Common Core testing expands to more states

January 30, 2015 6:00 pm
Published by

The Smarter Balanced Assessment (SBA) is a new standardized assessment created last year which covers mathematics, reading and writing. This test is taken by students in grades 3 to 8, as well as grade 11. It is intended to be administered completely by computer and consists of multiple-choice questions, two-part problems, open-ended questions and a “brief write”. There are also listening and research-skill components (source). For students who cannot take it online, there is a written version available to districts who request it; they will be charged a fee per student.
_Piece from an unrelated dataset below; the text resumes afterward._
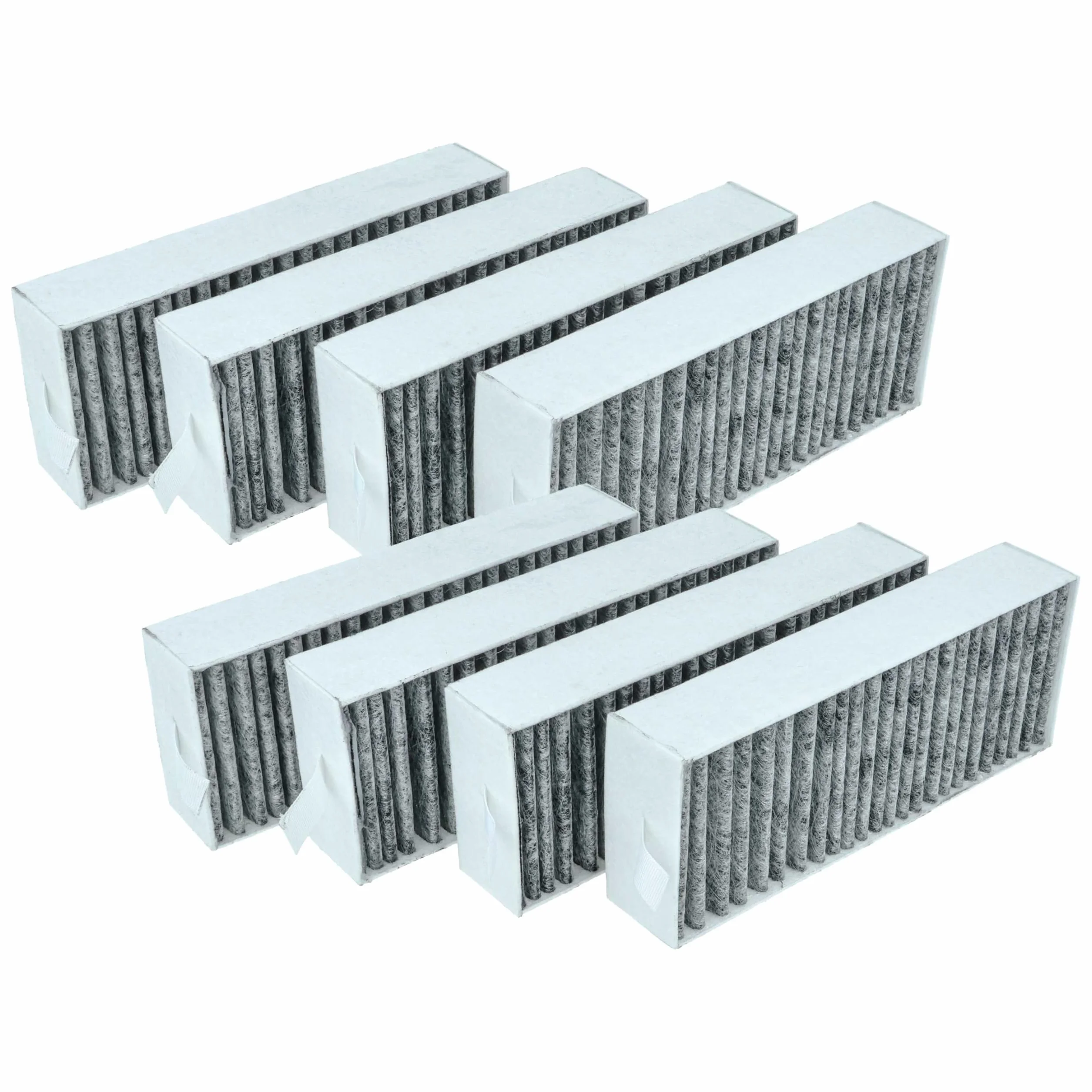vhbw 8 x filtr z węglem aktywnym zamiennik do Siemens HZ9VRUD0, HZ9VEDU0, HZ9VRCR0, HZ9VRCR1, HZ9VRPD0 do okapu kuchennego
In its computer-based form, the SBA is considered a “computer adaptive test”, meaning it adjusts question difficulty based on how a student answered previous questions. Scores in turn are evaluated on question difficulty rather than answer accuracy. The test is not timed, so the student can pause and resume it over days. However, they cannot access previously-answered questions on a later day.

The SBA is a part of the initiative for more rigorous standards (Common Core State Standards). Test-makers are expecting a lower “proficient” rate for the new tests. The results from 2014 results showed only a third of students were considered proficient in math. Joe Willhoft, a former Washington state testing director, anticipates that the scores will improve over time.

The test is currently taken in 21 states, and the Common Core has been adopted by 43 states. In Washington, for example, students will be taking the test in the upcoming spring, incorporating the test as a part of graduation requirements. It replaces the Measurements of Student Progress, and in addition, the state intends on phasing out High School Proficiency Exams.

Districts were not allowed to say no to the implementation, but states were able to opt in for a trial period (source). Any child is not required by law to participate in any standardized test, but a low participation rate can result in great consequences for the state.